Руси было назначено судьбой поддерживать строгую общественную иерархию, постепенно утрачивая тот религиозный идеализм, который изначально ее освящал. «Уложение» Алексея Михайловича фактически просуществовало до 1833 г., но еще до конца его царствования иконо-графическая традиция была подорвана, а в церкви произошел раскол. Реалистические фигуры и театральные композиции становились грубым и эклектичным следованием западным образцам; старинные иконы исчезали за железными окладами под слоями темного лака; резные рамы в стиле рококо оживляли иконостасы, но словно ущемляли, обрамляя их, фигуры святых. На смену традиционному чину Московского государства явился петербургский чиновник, а сакральную традицию иконописи заменило производство икон по государственной концессии. Упрекая Гоголя за обращение к религии в 1840-х гг., Виссарион Белинский привел народную поговорку про икону, которая «годится <…> горшки накрывать»[123], указав тем самым путь новому художественному иконоборчеству в русской революционной традиции.
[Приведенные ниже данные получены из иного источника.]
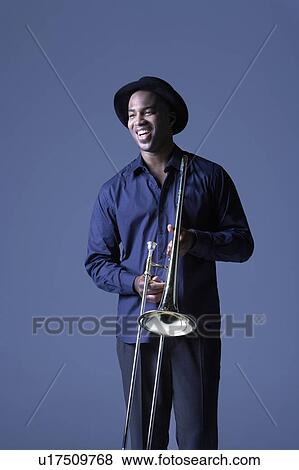 Trombone Player standing with hat, smiling View Large Photo Image Stock Photo - Trombone Player standing with hat, smiling. Fotosearch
И тем не менее обаяние иконы полностью уничтожено не было. Ничто так и не заняло ее места, и русские по-прежнему неохотно воспринимали живопись так, как это делали на Западе. Как и прежде, их больше волновал идеал, который воплощает живопись, чем ее художественная сторона. Для Достоевского картина Гольбейна «Снятие с креста» несла отрицание христианской веры, картина «Атис и Галатея» Клода Лоррена — секуляризованную утопию. Репродукция «Мадонны» Рафаэля над его письменным столом была его личной иконой, воплощавшей его собственные попытки примирить веру и творчество[124]. Сами революционеры чтили героический реализм русской светской живописи XIX в. как современную иконопись. Многие усматривали призыв к революционному неповиновению в гордом выражении несмирившегося юноши на известной картине Репина «Бурлаки на Волге». Подобно христианским воинам раннего средневековья, которые давали обеты перед иконами в церкви накануне сражения, русские революционеры, по словам личного секретаря Ленина, увидев такие картины, произносили клятвы в Третьяковской галерее[125].